▸ Task item: Using the entries below, write out the line with "David McCallum in", the line with "Lommoye to Saint-Denis map", and every line in between, exactly as each is written.
[Opening Source data section]
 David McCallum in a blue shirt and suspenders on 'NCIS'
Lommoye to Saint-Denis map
[Closing Source data section]
[Opening Source data section]
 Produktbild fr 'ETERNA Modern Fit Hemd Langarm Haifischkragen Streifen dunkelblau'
[Closing Source data section]
▸ Answer area:
 David McCallum in a blue shirt and suspenders on 'NCIS'
Lommoye to Saint-Denis map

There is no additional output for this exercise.